■ About this task ■
Every line of the data below is to be duplicated exactly, pictures excepted.

■ Information provided ■
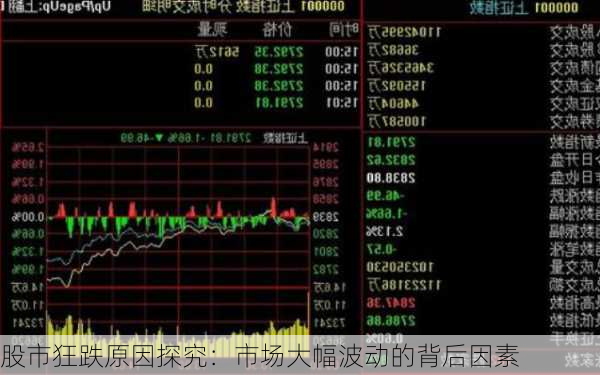 股市狂跌原因探究：市场大幅波动的背后因素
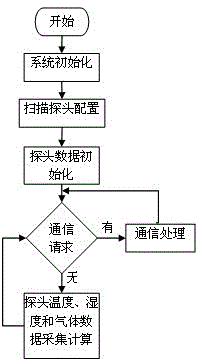 Grain depot intellectualization integrated control system and application method thereof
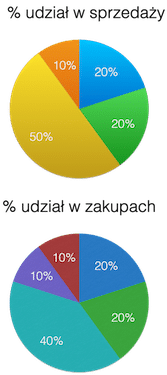 Bilansowanie portfolio klientów i dostawców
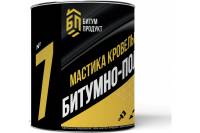 Битумно-полимерная мастика БИТУМ ПРОДУКТ 2 кг BP-17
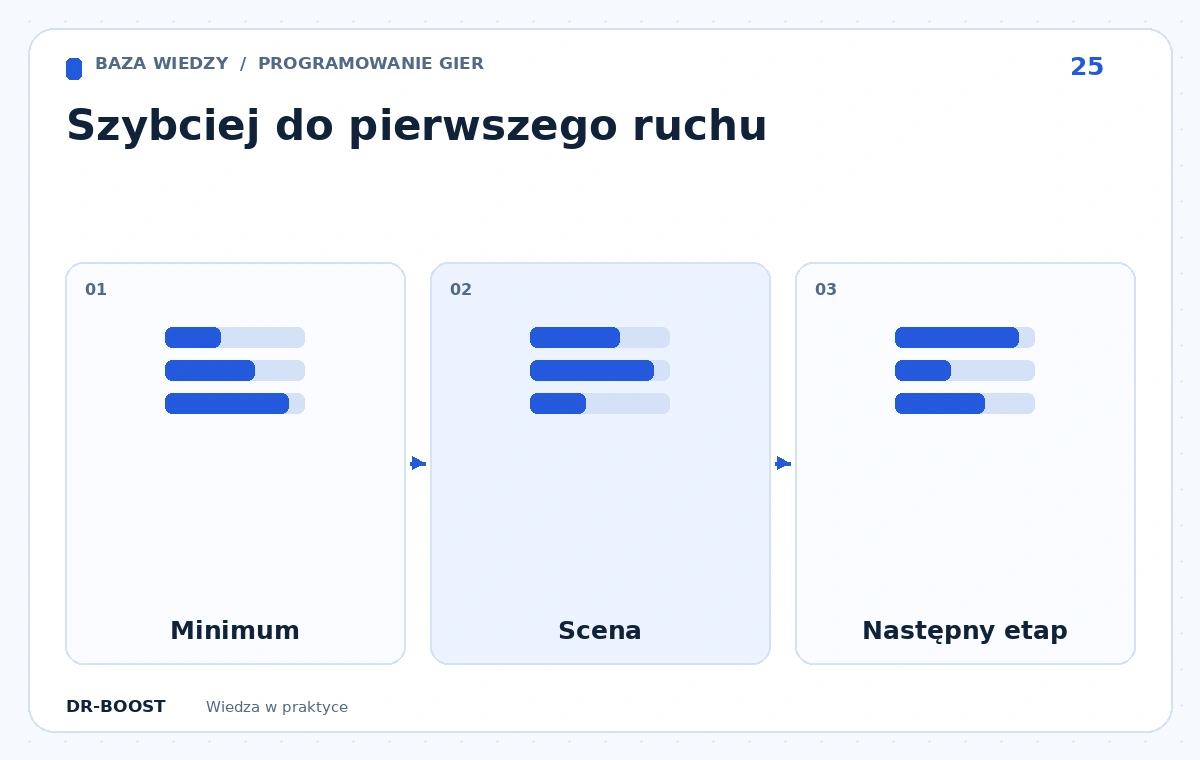 Schemat edukacyjny: Szybciej do pierwszego ruchu. Etapy: Minimum, Scena, Następny etap.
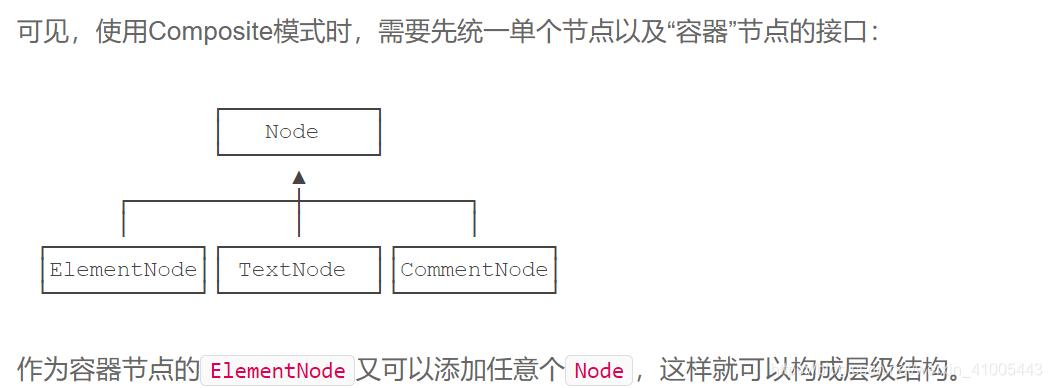 java根据银行卡号可以查开户行行号_设计模式_08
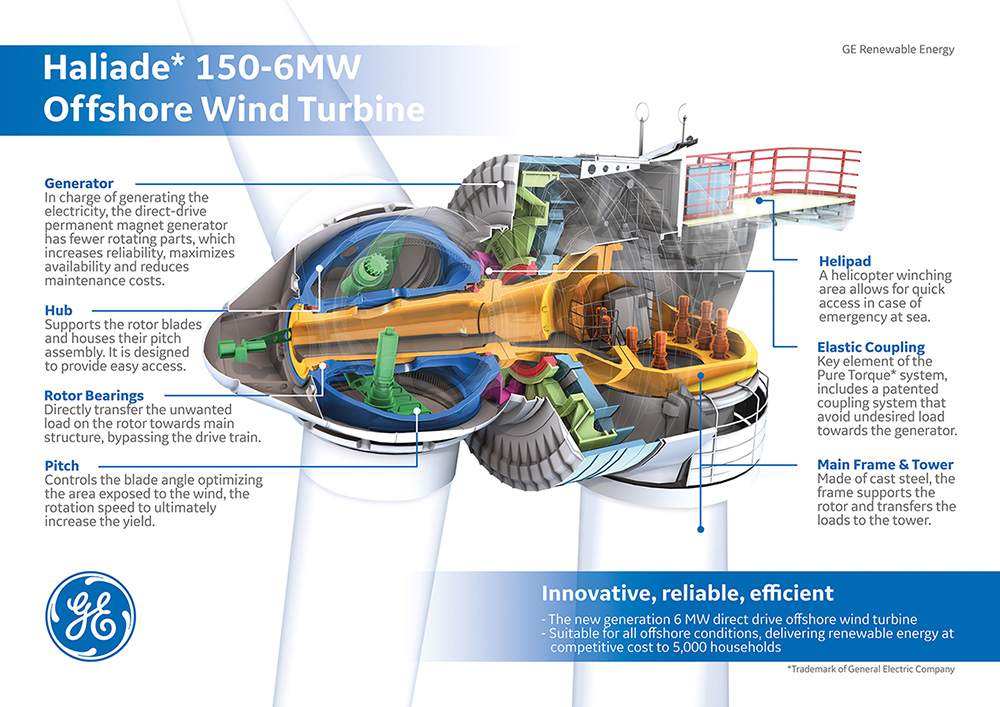 Inside GE’s Haliade 150-6MW offshore wind turbine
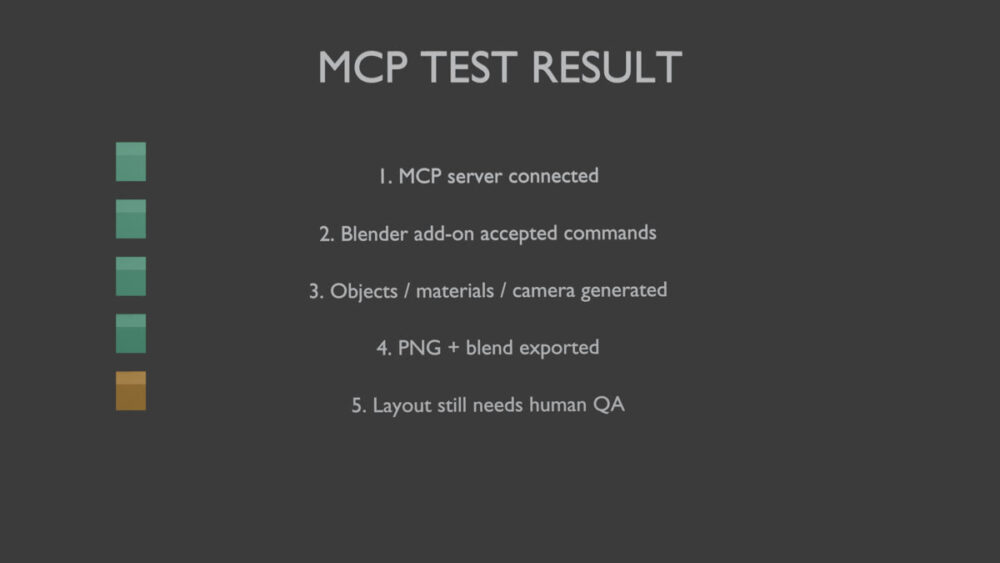 Blender MCP実機検証の結果図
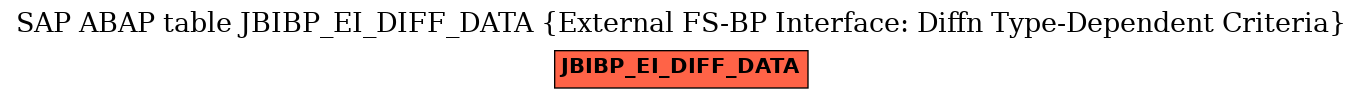 E-R Diagram for table JBIBP_EI_DIFF_DATA (External FS-BP Interface: Diffn Type-Dependent Criteria)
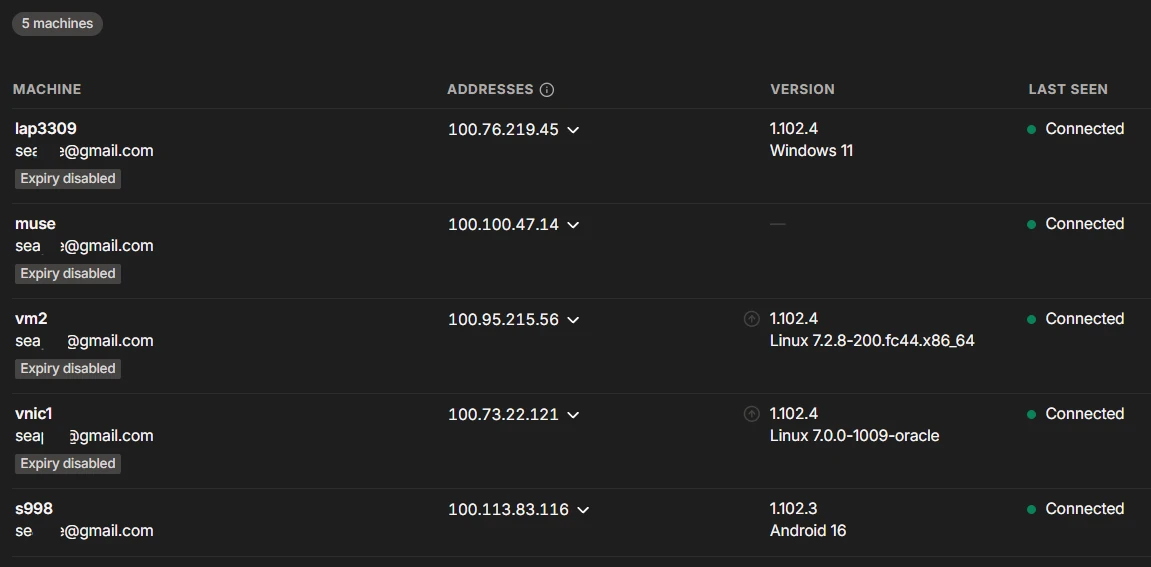 Tailscale admin panel showing vm2 in the machine list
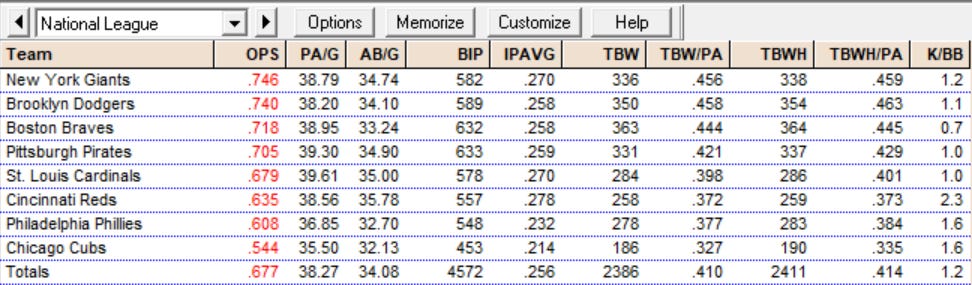 1949 National League Statistics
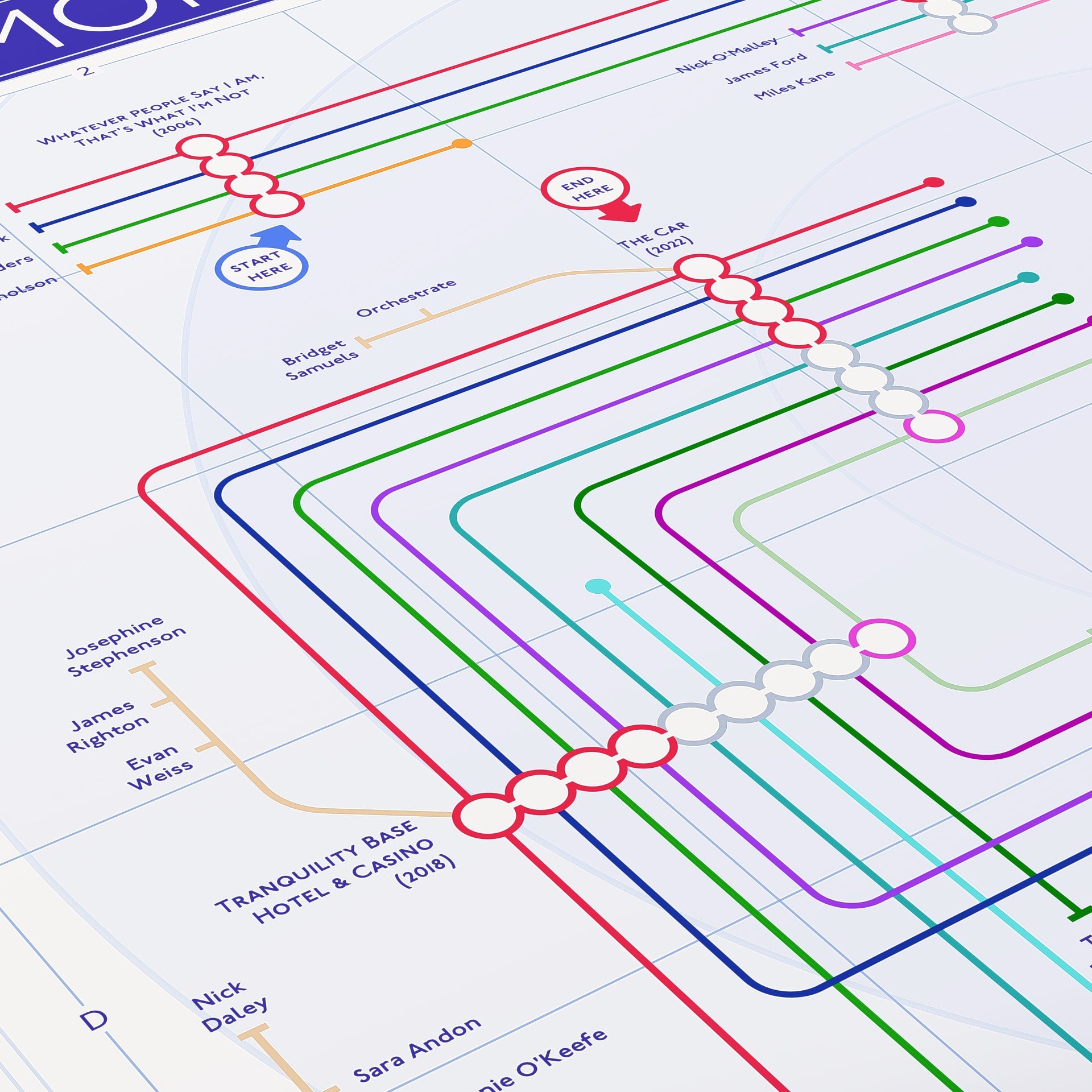 Close-up detail of the Arctic Monkeys discography tube map showing album connections and musician credits, ideal present for fans of Arctic Monkeys, designed by Mike Bell.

■ Written answer ■
 股市狂跌原因探究：市场大幅波动的背后因素
 Grain depot intellectualization integrated control system and application method thereof
 Bilansowanie portfolio klientów i dostawców
 Битумно-полимерная мастика БИТУМ ПРОДУКТ 2 кг BP-17
 Schemat edukacyjny: Szybciej do pierwszego ruchu. Etapy: Minimum, Scena, Następny etap.
 java根据银行卡号可以查开户行行号_设计模式_08
 Inside GE’s Haliade 150-6MW offshore wind turbine
 Blender MCP実機検証の結果図
 E-R Diagram for table JBIBP_EI_DIFF_DATA (External FS-BP Interface: Diffn Type-Dependent Criteria)
 Tailscale admin panel showing vm2 in the machine list
 1949 National League Statistics
 Close-up detail of the Arctic Monkeys discography tube map showing album connections and musician credits, ideal present for fans of Arctic Monkeys, designed by Mike Bell.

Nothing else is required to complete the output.